- Based on: The Reluctant Vampire by Eric Morecambe
- Written by: Neil Gibbons Rob Gibbons
- Starring: Lenny Rush; Tom Davis; Sian Clifford; Charlie Cooper; Asim Chaudhry; Joe Wilkinson; Kiell Smith-Bynoe;
- Country of origin: United Kingdom
- Original language: English
- No. of series: 1
- No. of episodes: 6

Production
- Running time: 30 minutes
- Production company: Boffola Pictures;

Original release
- Network: BBC One

= The Reluctant Vampire =

2026 British television series

The Reluctant Vampire is an upcoming six-part British television series adaptation of the children’s novel of the same name written by Eric Morecambe (1982). It will star Lenny Rush. The adaptation is written by Neil and Rob Gibbons. The first episode will be broadcast on 4 October 2026 on BBC One, with all episodes available that day on BBC iPlayer.

==Premise==
Described as a coming-of-age sitcom, a young vampire leads a double life.

==Cast==
- Lenny Rush as Val
- Tom Davis as Victor
- Sian Clifford as Valeeta
- Gabriel Nagy as Vernon
- Charlie Cooper as John
- Asim Chaudhry as Igon
- Joe Wilkinson as Wilf
- Kiell Smith-Bynoe
- Esther Smith as Susan
- Bill Bailey as Gargoyle
- Ray Fearon
- Ellie May Sheridan as Gertie
- Ross Noble as Gargoyle

==Production==
The six-part series is adapted by Rob and Neil Gibbons from the 1982 novel of the same name by Eric Morecambe. The series is produced by Boffola Pictures and was commissioned by the BBC in 2023. In May 2025, the series was announced as part of the BBC's upcoming comedy production slate.
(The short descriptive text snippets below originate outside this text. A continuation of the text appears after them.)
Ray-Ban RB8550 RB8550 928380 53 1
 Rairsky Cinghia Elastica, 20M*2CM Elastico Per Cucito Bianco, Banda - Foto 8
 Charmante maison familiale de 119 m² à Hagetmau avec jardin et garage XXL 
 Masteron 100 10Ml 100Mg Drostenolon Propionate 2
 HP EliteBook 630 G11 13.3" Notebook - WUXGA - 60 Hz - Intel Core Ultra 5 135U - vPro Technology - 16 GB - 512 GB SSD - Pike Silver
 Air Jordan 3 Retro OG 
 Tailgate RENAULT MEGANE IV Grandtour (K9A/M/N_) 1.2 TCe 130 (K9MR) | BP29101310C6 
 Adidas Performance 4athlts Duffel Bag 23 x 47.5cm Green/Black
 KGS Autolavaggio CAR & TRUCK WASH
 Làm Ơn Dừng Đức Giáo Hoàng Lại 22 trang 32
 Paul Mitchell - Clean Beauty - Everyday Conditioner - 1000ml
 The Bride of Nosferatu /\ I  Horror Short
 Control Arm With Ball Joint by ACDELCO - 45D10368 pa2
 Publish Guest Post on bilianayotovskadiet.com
The cast is led by Lenny Rush. In October 2025, Rush was joined in the cast by Tom Davis, Sian Clifford, Charlie Cooper, Asim Chaudhry, Joe Wilkinson, Kiell Smith-Bynoe, Esther Smith, Bill Bailey, Ray Fearon, Ellie May Sheridan, Ross Noble and Gabriel Nagy.

Filming commenced on the series in November 2025 and continued into December.

==Broadcast==
The first episode will broadcast on 4 October 2026 on BBC One, with all episodes available that day on BBC iPlayer.